Ecosyste.ms: Awesome

An open API service indexing awesome lists of open source software.

Awesome Lists | Featured Topics | Projects

https://github.com/sleighzy/ansible-kafka

Ansible role for installing and configuring Apache Kafka on RedHat and Debian platforms.
https://github.com/sleighzy/ansible-kafka

ansible ansible-galaxy ansible-role centos debian kafka molecule redhat rhel

Last synced: 22 days ago
JSON representation

Ansible role for installing and configuring Apache Kafka on RedHat and Debian platforms.

Awesome Lists containing this project

README

        

# Apache Kafka

![Lint Code Base] ![Molecule]

Ansible role to install and configure [Apache Kafka] 3.5.2

[Apache Kafka] is a distributed event streaming platform using publish-subscribe
topics. Applications and streaming components can produce and consume messages
by subscribing to these topics. Kafka is extremely fast, handling megabytes of
reads and writes per second from thousands of clients. Messages are persisted
and replicated to prevent data loss.

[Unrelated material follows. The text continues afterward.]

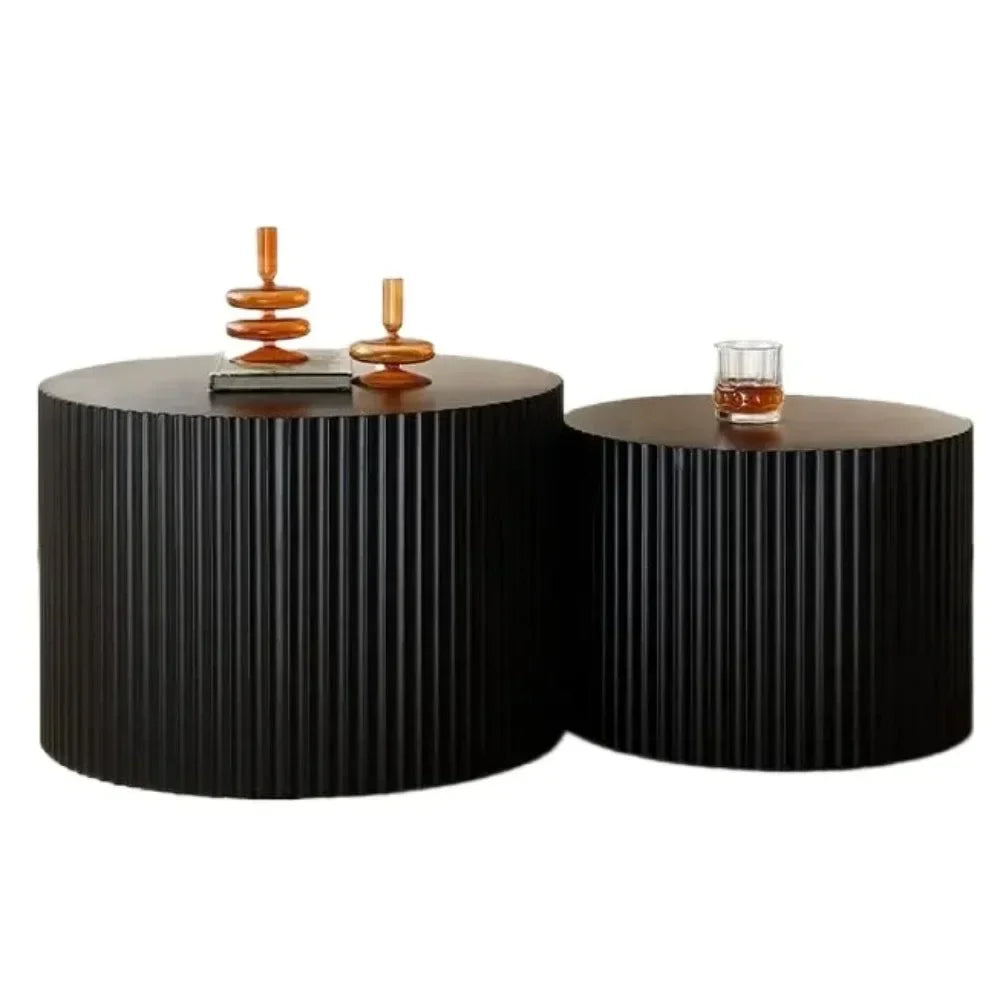 Round Coffee Table Sets, Nesting Tables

Data streams are partitioned and can be
elastically scaled with no downtime.

## WARNING

This Ansible role does not handle the migration process of upgrading from older
versions of Kafka. Please ensure that you read the upgrade documentation and
update the relevant configuration files before running this role.

For example, depending on how you upgrade, the `server.properties` file may need
the following properties added to reflect your current version prior to running
this Ansible playbook:

- `inter.broker.protocol.version`
- `log.message.format.version`

## Supported Platforms

- RedHat 6
- RedHat 7
- RedHat 8
- Debian 10.x
- Ubuntu 18.04.x
- Ubuntu 20.04.x

## Requirements

- [Apache ZooKeeper]
- Java 8 (deprecated) / 11 / 17

The below Apache ZooKeeper role from Ansible Galaxy can be used if one is
needed.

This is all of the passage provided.